Terá Creta vivido um colapso populacional, em que as pessoas produtivas deixaram de se reproduzir porque não consideravam valer mais a pena? Será que o exaurimento dos recursos naturais da ilha pela superexploração – Durant menciona que à época do auge de Creta a ilha era repleta de bosques de cedros e ciprestes e hoje só sobraram as pedras – tornou a sociedade vulnerável? Será que Creta, que construíra um império no Mar Egeu, sofreu a sina de todos os impérios e acabou vítima do seu próprio sucesso devido à dependência exagerada de uma única fonte de riquezas, no caso o comércio marítimo? Será que as pessoas perderam fé nos valores que antes as uniam e deixaram de ver-se como um só povo e foram facilmente conquistadas? Será que houve uma revolução das classes baixas contra a elite como houve na França no século XVIII, que levou a um regime de terror? Ou simplesmente a destruição deveu-se a uma calamidade natural?

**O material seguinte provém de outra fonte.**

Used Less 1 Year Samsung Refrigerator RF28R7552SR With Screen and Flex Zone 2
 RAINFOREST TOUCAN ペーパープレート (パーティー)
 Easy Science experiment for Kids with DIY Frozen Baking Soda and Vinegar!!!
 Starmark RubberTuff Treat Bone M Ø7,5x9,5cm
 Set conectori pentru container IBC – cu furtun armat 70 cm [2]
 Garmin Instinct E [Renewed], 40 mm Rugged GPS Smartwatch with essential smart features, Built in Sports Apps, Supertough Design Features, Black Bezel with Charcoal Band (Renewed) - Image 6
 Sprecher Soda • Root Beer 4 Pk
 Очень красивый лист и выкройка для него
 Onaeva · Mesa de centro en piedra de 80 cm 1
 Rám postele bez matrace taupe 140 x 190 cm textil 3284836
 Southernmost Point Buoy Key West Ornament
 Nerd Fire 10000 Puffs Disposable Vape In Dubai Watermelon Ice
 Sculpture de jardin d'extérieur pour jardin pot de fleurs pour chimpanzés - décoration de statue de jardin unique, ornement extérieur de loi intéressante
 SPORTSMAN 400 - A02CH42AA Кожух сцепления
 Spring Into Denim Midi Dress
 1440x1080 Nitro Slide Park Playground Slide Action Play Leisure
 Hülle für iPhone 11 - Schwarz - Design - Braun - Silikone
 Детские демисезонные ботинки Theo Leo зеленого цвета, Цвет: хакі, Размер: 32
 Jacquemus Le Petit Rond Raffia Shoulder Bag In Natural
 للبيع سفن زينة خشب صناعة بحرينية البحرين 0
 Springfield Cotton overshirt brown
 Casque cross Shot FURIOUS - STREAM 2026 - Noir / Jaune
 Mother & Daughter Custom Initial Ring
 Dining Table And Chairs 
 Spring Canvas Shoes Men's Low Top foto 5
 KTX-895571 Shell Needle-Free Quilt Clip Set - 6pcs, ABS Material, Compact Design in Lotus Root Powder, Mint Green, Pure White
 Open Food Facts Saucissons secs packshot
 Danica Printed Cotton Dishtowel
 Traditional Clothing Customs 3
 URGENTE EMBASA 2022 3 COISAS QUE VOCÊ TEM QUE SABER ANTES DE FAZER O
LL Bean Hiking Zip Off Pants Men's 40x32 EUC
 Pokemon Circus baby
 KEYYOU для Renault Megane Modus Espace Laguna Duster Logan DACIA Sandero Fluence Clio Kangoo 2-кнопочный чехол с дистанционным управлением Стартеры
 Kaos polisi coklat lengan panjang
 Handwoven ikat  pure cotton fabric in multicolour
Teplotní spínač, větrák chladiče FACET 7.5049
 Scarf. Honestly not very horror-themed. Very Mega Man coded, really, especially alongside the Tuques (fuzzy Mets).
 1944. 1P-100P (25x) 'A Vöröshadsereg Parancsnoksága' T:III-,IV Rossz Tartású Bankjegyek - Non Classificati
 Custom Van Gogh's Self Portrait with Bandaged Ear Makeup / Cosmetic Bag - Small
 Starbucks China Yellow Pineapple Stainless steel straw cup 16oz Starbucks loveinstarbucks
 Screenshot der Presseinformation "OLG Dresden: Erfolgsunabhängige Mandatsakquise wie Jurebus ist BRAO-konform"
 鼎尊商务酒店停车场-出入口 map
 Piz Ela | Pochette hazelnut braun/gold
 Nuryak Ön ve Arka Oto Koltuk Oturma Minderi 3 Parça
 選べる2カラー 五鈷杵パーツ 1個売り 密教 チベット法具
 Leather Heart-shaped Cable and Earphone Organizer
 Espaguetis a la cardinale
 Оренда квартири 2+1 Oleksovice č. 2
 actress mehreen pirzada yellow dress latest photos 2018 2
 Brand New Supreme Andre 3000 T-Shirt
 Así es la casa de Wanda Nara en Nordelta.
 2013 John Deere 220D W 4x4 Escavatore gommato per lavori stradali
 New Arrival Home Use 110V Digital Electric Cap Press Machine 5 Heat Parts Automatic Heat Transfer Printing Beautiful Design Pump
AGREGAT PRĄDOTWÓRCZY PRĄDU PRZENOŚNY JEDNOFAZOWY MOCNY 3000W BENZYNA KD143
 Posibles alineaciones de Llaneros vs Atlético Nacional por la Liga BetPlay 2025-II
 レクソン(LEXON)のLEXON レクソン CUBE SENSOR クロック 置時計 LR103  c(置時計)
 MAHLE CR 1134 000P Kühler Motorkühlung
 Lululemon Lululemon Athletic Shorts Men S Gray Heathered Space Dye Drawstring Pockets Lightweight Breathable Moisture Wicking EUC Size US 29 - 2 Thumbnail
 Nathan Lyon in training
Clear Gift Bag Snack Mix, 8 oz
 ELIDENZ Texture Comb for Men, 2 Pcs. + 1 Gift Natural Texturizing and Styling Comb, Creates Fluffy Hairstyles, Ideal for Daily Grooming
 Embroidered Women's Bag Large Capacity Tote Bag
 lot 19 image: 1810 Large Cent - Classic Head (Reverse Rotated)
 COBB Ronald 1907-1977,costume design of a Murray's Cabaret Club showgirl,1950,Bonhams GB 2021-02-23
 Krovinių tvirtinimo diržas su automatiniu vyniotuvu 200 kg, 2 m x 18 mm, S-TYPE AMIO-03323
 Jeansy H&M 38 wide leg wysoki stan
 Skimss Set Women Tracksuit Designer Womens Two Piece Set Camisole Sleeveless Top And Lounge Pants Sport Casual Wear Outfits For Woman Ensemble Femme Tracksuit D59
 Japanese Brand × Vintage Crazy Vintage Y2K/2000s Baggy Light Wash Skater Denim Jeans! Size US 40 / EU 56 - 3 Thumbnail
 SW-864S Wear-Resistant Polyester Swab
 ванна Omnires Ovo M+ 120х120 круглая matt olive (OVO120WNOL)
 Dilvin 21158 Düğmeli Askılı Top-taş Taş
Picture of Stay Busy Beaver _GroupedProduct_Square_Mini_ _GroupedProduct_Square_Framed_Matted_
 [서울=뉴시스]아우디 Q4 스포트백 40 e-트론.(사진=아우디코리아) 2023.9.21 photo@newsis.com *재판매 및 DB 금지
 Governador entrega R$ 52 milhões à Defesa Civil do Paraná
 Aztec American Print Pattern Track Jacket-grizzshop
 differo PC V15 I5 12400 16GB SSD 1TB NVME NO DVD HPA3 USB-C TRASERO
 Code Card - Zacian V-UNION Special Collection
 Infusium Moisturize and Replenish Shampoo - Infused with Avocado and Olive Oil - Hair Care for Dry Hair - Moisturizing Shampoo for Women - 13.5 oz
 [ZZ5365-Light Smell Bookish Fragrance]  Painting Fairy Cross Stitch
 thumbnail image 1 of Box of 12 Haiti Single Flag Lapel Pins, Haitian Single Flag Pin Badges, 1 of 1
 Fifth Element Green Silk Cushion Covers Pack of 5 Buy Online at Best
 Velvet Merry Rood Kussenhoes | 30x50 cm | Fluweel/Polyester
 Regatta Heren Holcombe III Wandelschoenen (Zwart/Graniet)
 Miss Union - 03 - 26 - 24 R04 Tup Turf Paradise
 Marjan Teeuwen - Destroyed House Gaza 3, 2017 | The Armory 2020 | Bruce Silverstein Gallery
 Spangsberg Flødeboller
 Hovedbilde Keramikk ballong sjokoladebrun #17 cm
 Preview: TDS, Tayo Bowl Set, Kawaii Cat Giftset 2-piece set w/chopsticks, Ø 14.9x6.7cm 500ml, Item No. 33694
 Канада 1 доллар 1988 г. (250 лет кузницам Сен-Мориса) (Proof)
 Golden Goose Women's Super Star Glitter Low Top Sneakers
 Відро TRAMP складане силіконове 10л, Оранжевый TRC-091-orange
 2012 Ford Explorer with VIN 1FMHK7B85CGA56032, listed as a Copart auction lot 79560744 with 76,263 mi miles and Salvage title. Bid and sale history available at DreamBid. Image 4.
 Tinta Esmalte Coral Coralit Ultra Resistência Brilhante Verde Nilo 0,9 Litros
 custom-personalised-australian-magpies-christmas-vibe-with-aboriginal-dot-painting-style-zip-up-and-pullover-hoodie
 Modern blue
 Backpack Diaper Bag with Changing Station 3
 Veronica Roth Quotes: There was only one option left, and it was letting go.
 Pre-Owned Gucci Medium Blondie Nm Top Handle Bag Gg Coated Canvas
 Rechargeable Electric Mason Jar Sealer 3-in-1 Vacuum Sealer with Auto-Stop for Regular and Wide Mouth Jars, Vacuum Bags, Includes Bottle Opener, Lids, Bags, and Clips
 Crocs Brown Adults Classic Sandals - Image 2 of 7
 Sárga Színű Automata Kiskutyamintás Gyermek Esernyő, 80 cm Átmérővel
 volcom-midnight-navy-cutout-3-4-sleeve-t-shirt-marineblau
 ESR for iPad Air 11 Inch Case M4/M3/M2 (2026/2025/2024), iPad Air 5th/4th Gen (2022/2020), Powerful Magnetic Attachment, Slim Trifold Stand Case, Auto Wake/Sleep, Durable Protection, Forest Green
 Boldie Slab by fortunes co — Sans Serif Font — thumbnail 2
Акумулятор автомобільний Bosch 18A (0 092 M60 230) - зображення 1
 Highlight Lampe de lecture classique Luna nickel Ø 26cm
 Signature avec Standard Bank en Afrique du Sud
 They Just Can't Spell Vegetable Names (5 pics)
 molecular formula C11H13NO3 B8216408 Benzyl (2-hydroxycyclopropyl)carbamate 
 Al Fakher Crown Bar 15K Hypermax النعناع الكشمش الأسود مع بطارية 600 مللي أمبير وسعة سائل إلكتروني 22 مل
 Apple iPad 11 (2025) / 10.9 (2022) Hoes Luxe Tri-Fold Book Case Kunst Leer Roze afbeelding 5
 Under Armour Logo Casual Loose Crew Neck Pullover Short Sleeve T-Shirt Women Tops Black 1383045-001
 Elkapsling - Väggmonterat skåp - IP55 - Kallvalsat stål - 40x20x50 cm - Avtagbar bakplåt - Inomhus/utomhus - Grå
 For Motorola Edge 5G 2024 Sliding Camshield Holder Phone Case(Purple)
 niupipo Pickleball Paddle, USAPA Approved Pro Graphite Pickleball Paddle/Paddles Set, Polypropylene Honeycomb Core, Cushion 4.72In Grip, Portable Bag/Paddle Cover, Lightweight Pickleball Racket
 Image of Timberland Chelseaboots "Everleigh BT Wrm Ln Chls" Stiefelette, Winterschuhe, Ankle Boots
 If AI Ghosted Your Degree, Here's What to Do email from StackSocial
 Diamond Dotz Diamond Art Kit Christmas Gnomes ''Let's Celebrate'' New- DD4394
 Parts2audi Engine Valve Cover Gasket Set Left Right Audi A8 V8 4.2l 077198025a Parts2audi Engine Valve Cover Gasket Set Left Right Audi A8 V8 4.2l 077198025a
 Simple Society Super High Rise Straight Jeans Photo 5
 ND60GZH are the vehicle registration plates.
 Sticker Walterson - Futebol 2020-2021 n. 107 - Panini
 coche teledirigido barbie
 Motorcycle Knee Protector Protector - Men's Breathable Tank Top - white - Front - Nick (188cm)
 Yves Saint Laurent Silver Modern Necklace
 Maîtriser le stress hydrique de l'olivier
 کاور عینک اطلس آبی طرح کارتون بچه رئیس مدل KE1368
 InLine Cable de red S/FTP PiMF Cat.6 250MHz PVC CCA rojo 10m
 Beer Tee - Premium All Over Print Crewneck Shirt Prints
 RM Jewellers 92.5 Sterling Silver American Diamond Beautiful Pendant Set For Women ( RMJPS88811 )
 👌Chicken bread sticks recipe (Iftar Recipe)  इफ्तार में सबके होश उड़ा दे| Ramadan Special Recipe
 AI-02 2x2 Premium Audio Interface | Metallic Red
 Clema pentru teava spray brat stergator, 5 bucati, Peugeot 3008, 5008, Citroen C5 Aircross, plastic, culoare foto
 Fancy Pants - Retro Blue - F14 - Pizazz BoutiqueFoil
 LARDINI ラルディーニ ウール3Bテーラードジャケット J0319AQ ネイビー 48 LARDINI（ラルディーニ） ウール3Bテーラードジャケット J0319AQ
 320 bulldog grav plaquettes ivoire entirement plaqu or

Nunca saberemos, claro, pois os minoicos deixaram rastros materiais da sua capacidade criativa, mas não suficientes para que pudéssemos ter acesso a sua versão dos fatos, que acaba assim caindo para sempre em um buraco negro de esquecimento e não existência. Para Norman Davies, o outro historiador citado na abertura deste artigo, esta é a grande lição da História: a história que conhecemos é aquele mísero pedaço que sobrou da destruição da existência e portanto da narrativa da vida de tantos outros povos, reinos, países, impérios que tiveram sua própria língua e cultura, seus próprios sucessos e fracassos. Contudo, por terem sido derrotados, tiveram sua sobrevivência na memória coletiva da humanidade inviabilizada.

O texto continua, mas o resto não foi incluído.